* [Aim of the task]: Below are the records; print exactly the lines from the one with "Cable Knit Ear" through the last, both included, and leave the pictures out.

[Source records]
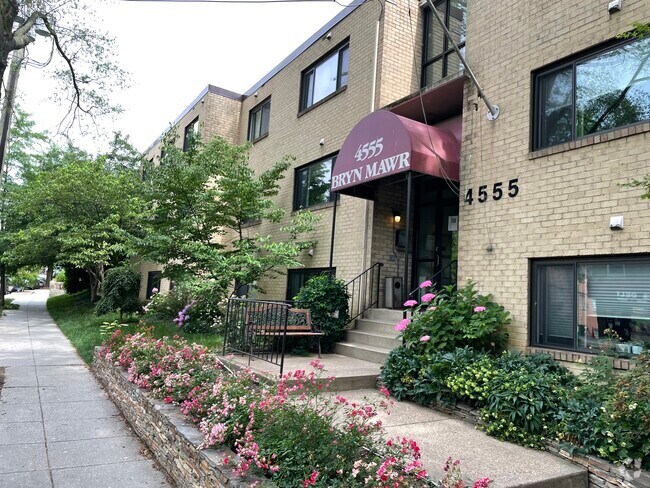 Front entranceway along MacArthur Blvd - 4555 MacArthur Blvd NW
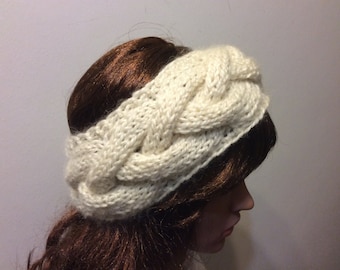 Cable Knit Ear Warmer, Hair Band ,Cream color or select colors,Fashion Knitted Headband with buttons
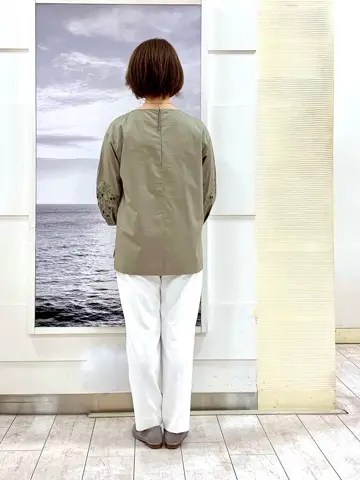 自由区 中鉢 コーディネート画像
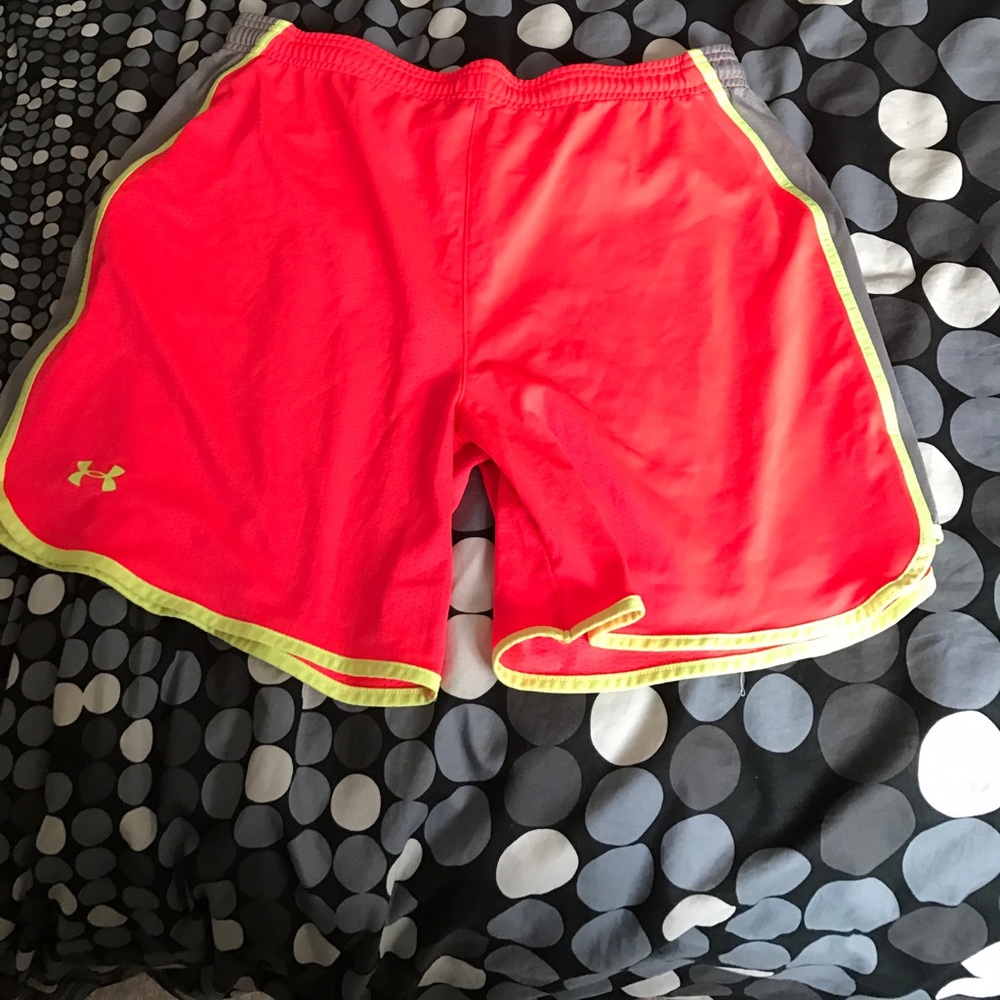 Under armour woman's basketball shorts.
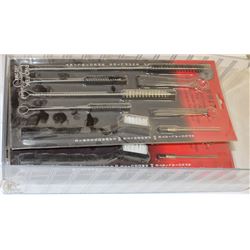 PLASTIC TOTE OF PAINT GUN CLEANING KITS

* [Reply]:
 Cable Knit Ear Warmer, Hair Band ,Cream color or select colors,Fashion Knitted Headband with buttons
 自由区 中鉢 コーディネート画像
 Under armour woman's basketball shorts.
 PLASTIC TOTE OF PAINT GUN CLEANING KITS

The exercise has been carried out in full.